Bulgaria’s Reformist Bloc agrees to nominate Traicho Traikov for president
The executive council of the Reformist Bloc, the fourth-largest group in Bulgaria’s National Assembly, agreed on September 8 to nominate former economy and energy minister Traicho Traikov as the coalition’s candidate in Bulgaria’s November 6 2016 presidential elections.
The bloc’s vice-presidential candidate will be General Subi Subev.
The nominations of Traikov and Subev were proposed by the Reformist Bloc’s leaders’ council on September 1, but the Traikov proposal was subsequently publicly opposed by at least one of the bloc’s constituent parties, the Union of Democratic Forces.
On September 8, speaking after the executive council meeting, the bloc’s Ivan Ivanov that there was officially “white smoke” – a reference to the process whereby the election of a Pope is signalled.

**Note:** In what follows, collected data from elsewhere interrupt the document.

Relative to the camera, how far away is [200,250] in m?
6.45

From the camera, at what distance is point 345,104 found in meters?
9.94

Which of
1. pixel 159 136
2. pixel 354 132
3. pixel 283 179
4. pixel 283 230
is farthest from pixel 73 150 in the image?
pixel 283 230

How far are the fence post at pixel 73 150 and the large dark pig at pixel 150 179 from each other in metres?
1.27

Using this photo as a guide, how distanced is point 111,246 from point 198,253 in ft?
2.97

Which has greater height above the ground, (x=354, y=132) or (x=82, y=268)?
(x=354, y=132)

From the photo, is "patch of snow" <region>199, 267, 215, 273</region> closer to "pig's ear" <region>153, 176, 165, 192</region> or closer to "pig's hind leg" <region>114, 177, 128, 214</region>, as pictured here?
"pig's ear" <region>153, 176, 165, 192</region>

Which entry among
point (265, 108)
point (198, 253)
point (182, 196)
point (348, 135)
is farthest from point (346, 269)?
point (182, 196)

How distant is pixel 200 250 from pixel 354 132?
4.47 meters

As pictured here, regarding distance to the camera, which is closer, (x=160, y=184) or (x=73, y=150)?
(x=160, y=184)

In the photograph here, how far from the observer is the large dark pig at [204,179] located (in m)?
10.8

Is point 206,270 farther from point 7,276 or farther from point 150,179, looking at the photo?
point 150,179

The Reformist Bloc’s executive council is made up of 21 people, six representatives of the bloc’s civic council and proportional representation of the five political parties making up the bloc. Decisions are made by a three-quarters majority, meaning at least 16 votes when all members of the council are present.
Traikov said that his candidacy was a chance for voters who felt themselves to be patriots, democrats and Euro-Atlanticists. Asked if he thought he could make it to a second-round ballot, he said that he would be voting for himself.
UDF leader Bozhidar Lukarski, who after the leaders’ council meeting continued to push for their candidate Grozdan Karadzhov to be named as the Reformist Bloc’s presidential candidate, said that the UDF would follow the executive council decision and support the Traikov candidacy.
Under Bulgaria’s presidential election rules, a first-round victory is achieved if a candidate gets more than half of the votes of those who go to the ballot boxes. If this does not happen, a second round is held between the two candidates who got the most votes at the first round. In 2016, November 13 is pencilled in for a second round, if required.
Traikov (46) was Economy, Energy and Tourism Minister in Boiko Borissov’s government from 2009 to 2012, with his term ending ostensibly over a Bulgarian government business forum in Qatar in March 2012 having descended into farce because of poor organisation.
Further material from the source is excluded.